The Baltic States Are Not Serious About Defending Themselves

NATO Secretary General Jens Stoltenberg speaks at the Alliance's headquarters during a NATO foreign ministers meeting in Brussels December 2, 2014. Yves Herman/Reuters

News stories in the West contend that Russia's increasingly aggressive behavior is causing the Baltic states and other NATO members in Eastern Europe to become far more serious about national defense.

There is no doubt that tensions in the region are on the rise, including a surge of incidents involving NATO intercepts of Russian military aircraft operating over the Baltic Sea. The new congressional approval of military aid to Ukraine may well increase the already alarming level of animosity between NATO and Russia.

But the notion that the Baltic republics have embarked on serious programs to boost their defense capabilities in light of Moscow's menacing behavior is vastly overstated. The military spending of those three countries has merely moved from minuscule to meager.

Although all NATO members pledged after the Alliance's summit meeting in 2006 to spend a minimum of 2 percent of gross domestic product (GDP) on defense, few members have actually done so. Indeed, eight years later, only the United States, Britain, Greece, and Estonia among the 28 member states fulfill that commitment.

And Estonia barely met that standard.

All three Baltic governments are going to great lengths to highlight their alleged seriousness about defense, but the actual data fail to support the propaganda. Amid much fanfare, Estonia plans to boost its military spending from 2.0 percent of GDP to—wait for it—2.05 percent! Lithuania intends to raise its budget next year from 0.89 percent to 1.01 percent. And Latvian leaders solemnly pledge that their country will spend no less than 1 percent—up from the current 0.91 percent.

The alarmist rhetoric of the Baltic republics about the danger of Russian aggression is not matched by their actions. Given the security situation in the region, spending even 2 percent of GDP on defense, to say nothing of devoting 1 percent or less, is pathetic.

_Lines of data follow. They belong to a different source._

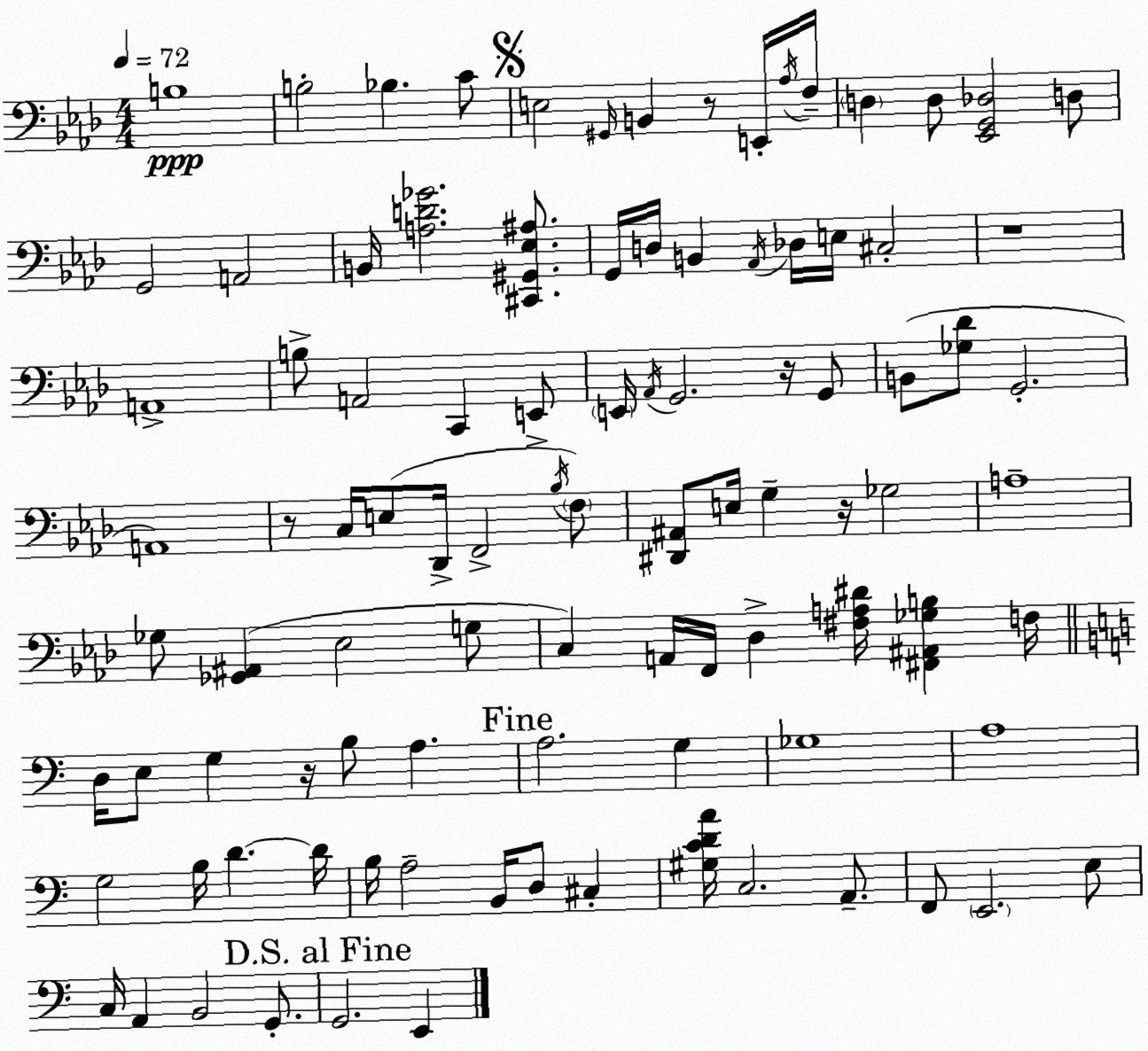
X:1
T:Untitled
M:4/4
L:1/4
K:Ab
B,4 B,2 _B, C/2 E,2 ^G,,/4 B,, z/2 E,,/4 _A,/4 F,/4 D, D,/2 [_E,,G,,_D,]2 D,/2 G,,2 A,,2 B,,/4 [A,D_G]2 [^C,,^G,,_E,^A,]/2 G,,/4 D,/4 B,, _A,,/4 _D,/4 E,/4 ^C,2 z4 A,,4 B,/2 A,,2 C,, E,,/2 E,,/4 _A,,/4 G,,2 z/4 G,,/2 B,,/2 [_G,_D]/2 G,,2 A,,4 z/2 C,/4 E,/2 _D,,/4 F,,2 _B,/4 F,/2 [^D,,^A,,]/2 E,/4 G, z/4 _G,2 A,4 _G,/2 [_G,,^A,,] _E,2 G,/2 C, A,,/4 F,,/4 _D, [^F,A,^D]/4 [^F,,^A,,_G,B,] F,/4 D,/4 E,/2 G, z/4 B,/2 A, A,2 G, _G,4 A,4 G,2 B,/4 D D/4 B,/4 A,2 B,,/4 D,/2 ^C, [^G,CDA]/4 C,2 A,,/2 F,,/2 E,,2 E,/2 C,/4 A,, B,,2 G,,/2 G,,2 E,,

No one believes that the small Baltic states could repel a Russian invasion on their own, but it is not too much to expect that they would build military capabilities sufficient to slow an advance and raise the costs to Moscow in blood and treasure. Such a commitment, however, would require military outlays at three to five times current levels. There is no indication that the Baltic governments intend to boost spending to anything close to that

The geographic vulnerability of the Baltic states, combined with their continuing military weakness, should underscore to U.S. leaders that such "allies" are strategic liabilities, not assets. Washington is drifting into confrontation with a nuclear-armed Russia over countries that have little economic or strategic relevance to the American republic.

U.S. officials need to consider carefully whether it makes sense for this country to incur such risks on behalf of so-called allies that seem unwilling even to make serious efforts on behalf of their own defense. It is a stretch to argue that the United States should care so much about the defense of Estonia, Latvia and Lithuania that we must be willing to risk war, but it is preposterous to argue that we should care more about their defense than they do.

Yet that appears to be the current situation.